Seriously, this book tries too hard.
It tries to be quirky, it tries to be funny, it tries to connect to 10-14 year old boys who liked Lemony Snicket, play lots of video games, and love karate, it tries to be a vocabulary builder, and it tries to teach the reader about imagination, courage, and thinking outside the box. In the end it succeeded in making me skim read to the end to find out what happened, and then say incredulously, “seriously?”
Perhaps I’m being too harsh. Chris Raschka is a Caldecott medalist after all. And there are some funny moments and some curious characters and situations in Seriously, Norman, Raschka’s fiction debut. But hanging out with Norman and his best pal Leonard and the twins, Anna and Emma, and their nutty tutor Balthazar Birdsong got a little old a little too quickly.

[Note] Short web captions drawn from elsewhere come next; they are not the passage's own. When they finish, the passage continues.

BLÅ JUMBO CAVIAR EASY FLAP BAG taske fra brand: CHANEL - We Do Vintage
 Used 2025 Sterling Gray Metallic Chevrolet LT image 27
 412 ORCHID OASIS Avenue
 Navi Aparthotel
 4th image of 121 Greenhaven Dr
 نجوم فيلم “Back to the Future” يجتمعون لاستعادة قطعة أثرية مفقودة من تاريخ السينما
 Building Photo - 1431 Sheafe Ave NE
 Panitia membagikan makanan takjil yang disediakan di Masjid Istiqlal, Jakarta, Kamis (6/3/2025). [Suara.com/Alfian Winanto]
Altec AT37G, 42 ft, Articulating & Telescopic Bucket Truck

Norman is just a regular kid who doesn’t try too hard in school and doesn’t seem to expect much from middle school. When he fails his standardized tests, his oddball parents hire a wacky tutor who assigns Norman tasks like reading the dictionary, observing clouds, and exercising his imagination. Norman uses his new-found curiosity to wonder about what his money-obsessed father does for a living, eventually realizing he sells bombers to shady warlords and other Third World despots. When his father goes missing, the kids set out on a globe-trotting adventure to rescue him.
Norman’s lesson is to use imagination and observation in the proper proportions to change the world. In the end, he changes his outlook, his family, and his fear of standardized tests, so I guess you could say he learned the lesson well.